## BRIEF
Reproduce the records below exactly, leaving out any pictures.

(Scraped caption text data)
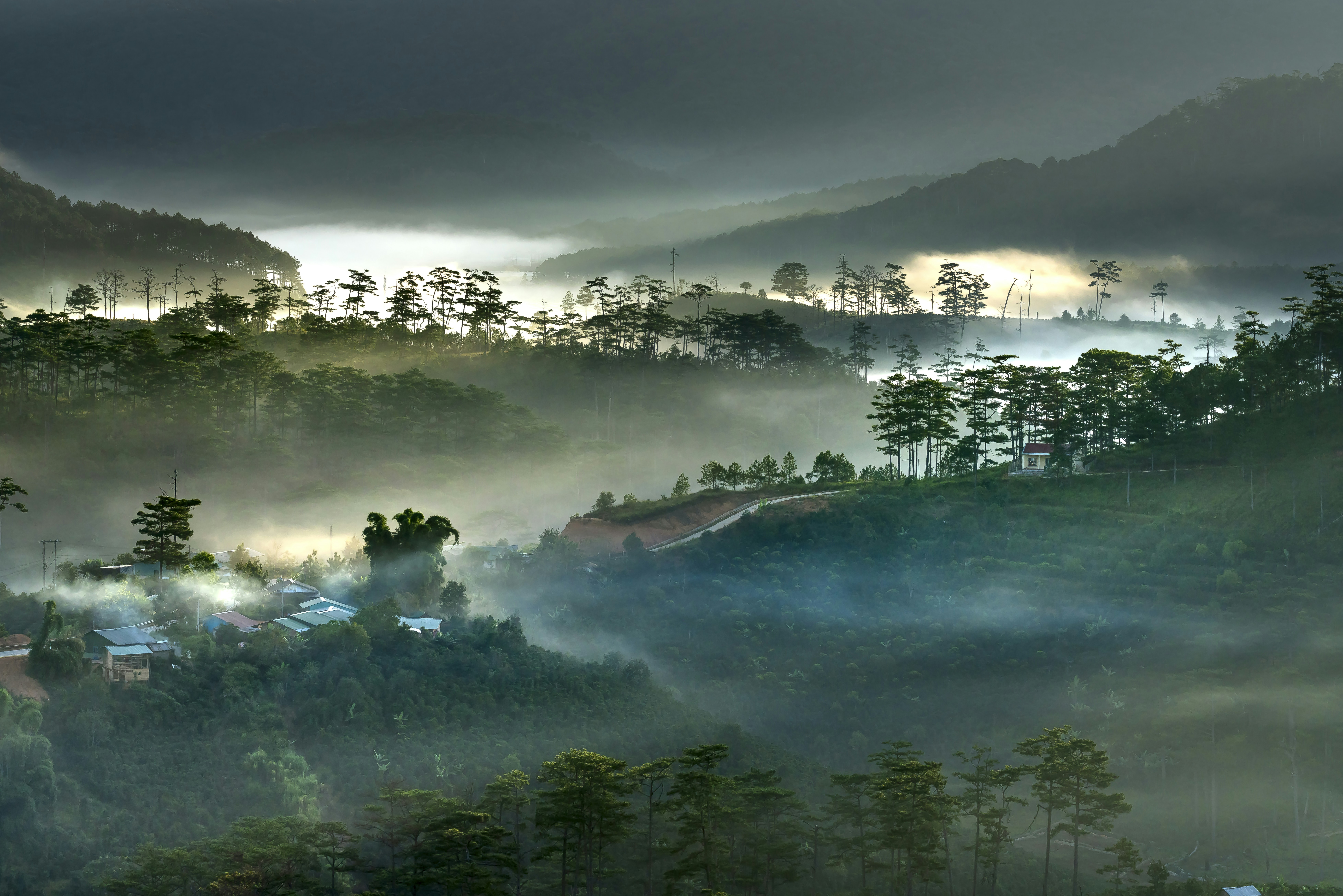 Foggy mountain valley with distant houses
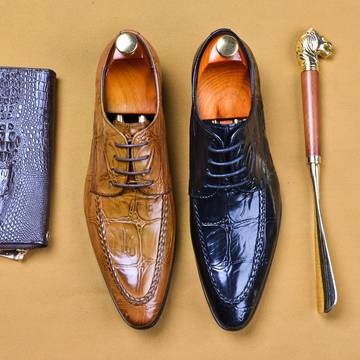 three men's shoes, a tie, and a wallet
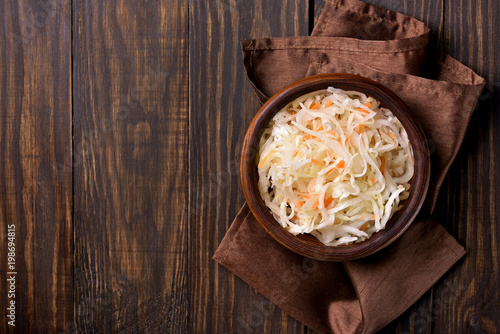 Homemade sauerkraut with carrots photo
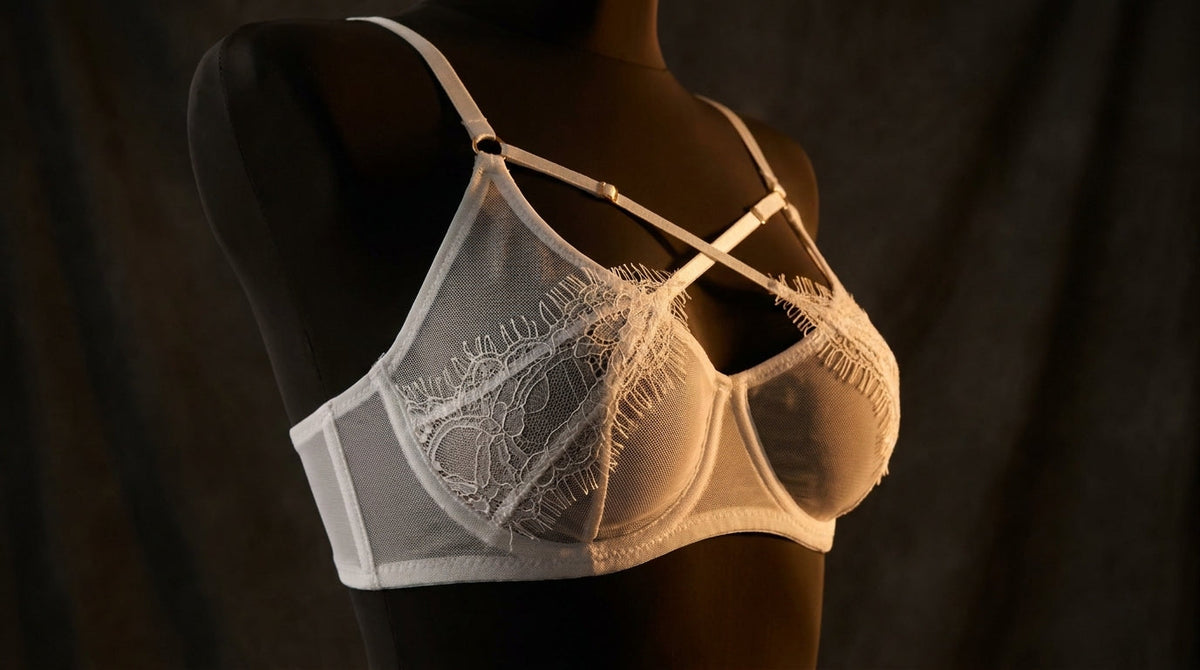 Three-quarter view of a structured lace bra and brief set showing boned cup construction.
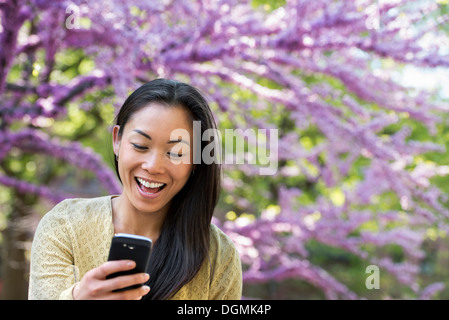 Une femme assise dans un parc à la recherche de son téléphone intelligent et rire. Banque D'Images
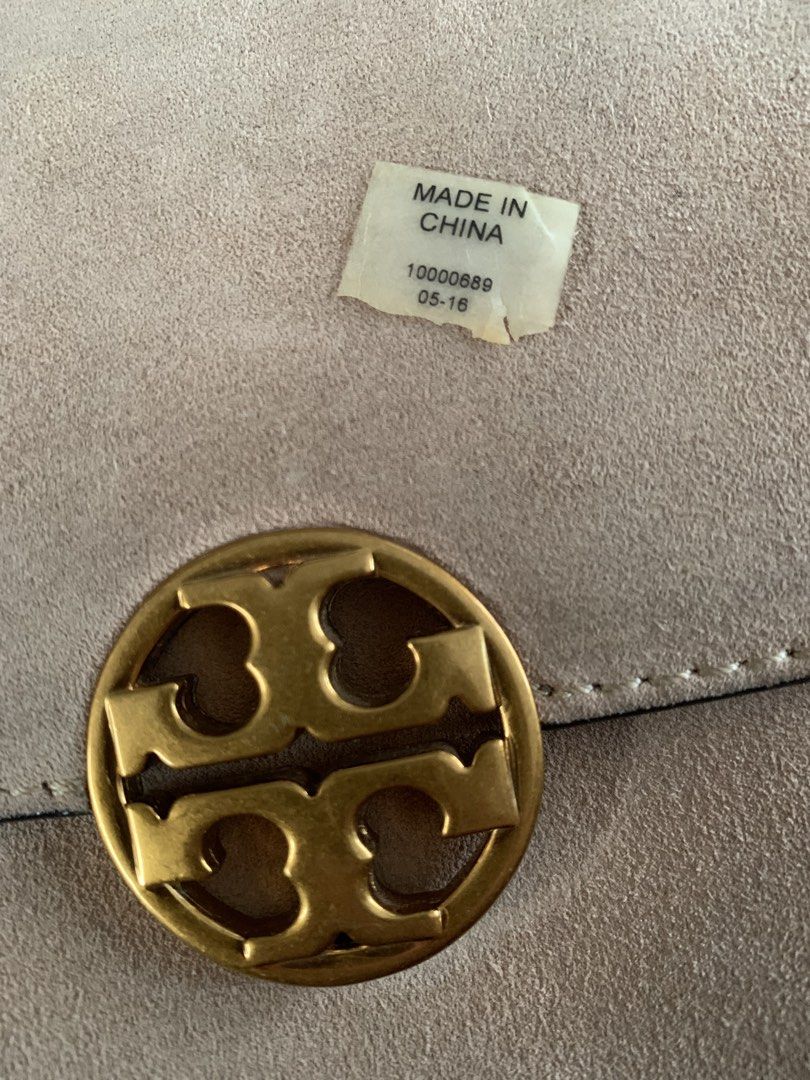 Tory Burch Suede Shoulder Bag with Gold Chain (Category: Purses & Pouches) located in Naga. Submitted by purestar_229e8f (Listing ID 1466862693, Image 3). Description: - Brand: Tory Burch - Style: Shoulder bag with gold-tone chain strap and hardware - Material: Beige suede exterior with fabric-lined interior - Details: Classic front flap with double T logo closure and interior gold logo plaque - Origin & Date: Made in China, tag date 05-16 - Cond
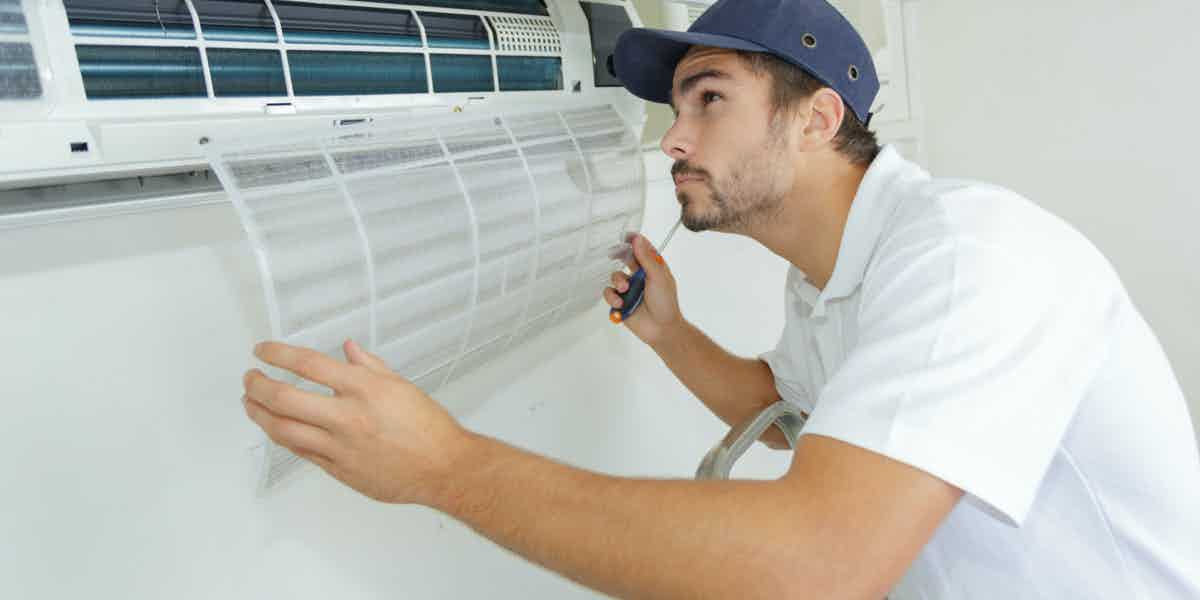 Technician inspecting an indoor air conditioning unit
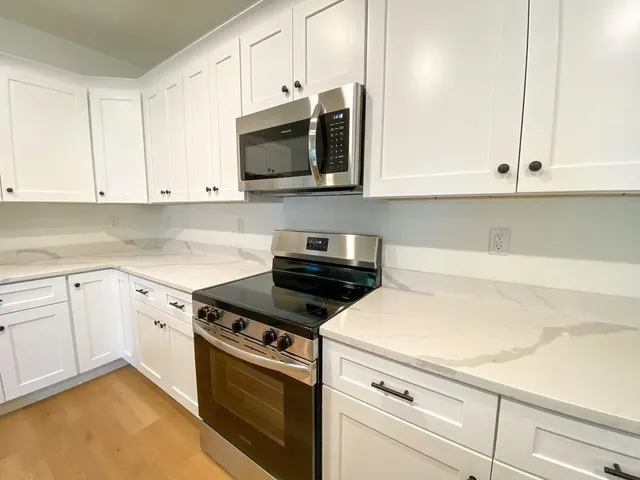 a kitchen with stainless steel appliances white cabinets and a stove a sink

## FINISHED EXERCISE
 Foggy mountain valley with distant houses
 three men's shoes, a tie, and a wallet
 Homemade sauerkraut with carrots photo
 Three-quarter view of a structured lace bra and brief set showing boned cup construction.
 Une femme assise dans un parc à la recherche de son téléphone intelligent et rire. Banque D'Images
 Tory Burch Suede Shoulder Bag with Gold Chain (Category: Purses & Pouches) located in Naga. Submitted by purestar_229e8f (Listing ID 1466862693, Image 3). Description: - Brand: Tory Burch - Style: Shoulder bag with gold-tone chain strap and hardware - Material: Beige suede exterior with fabric-lined interior - Details: Classic front flap with double T logo closure and interior gold logo plaque - Origin & Date: Made in China, tag date 05-16 - Cond
 Technician inspecting an indoor air conditioning unit
 a kitchen with stainless steel appliances white cabinets and a stove a sink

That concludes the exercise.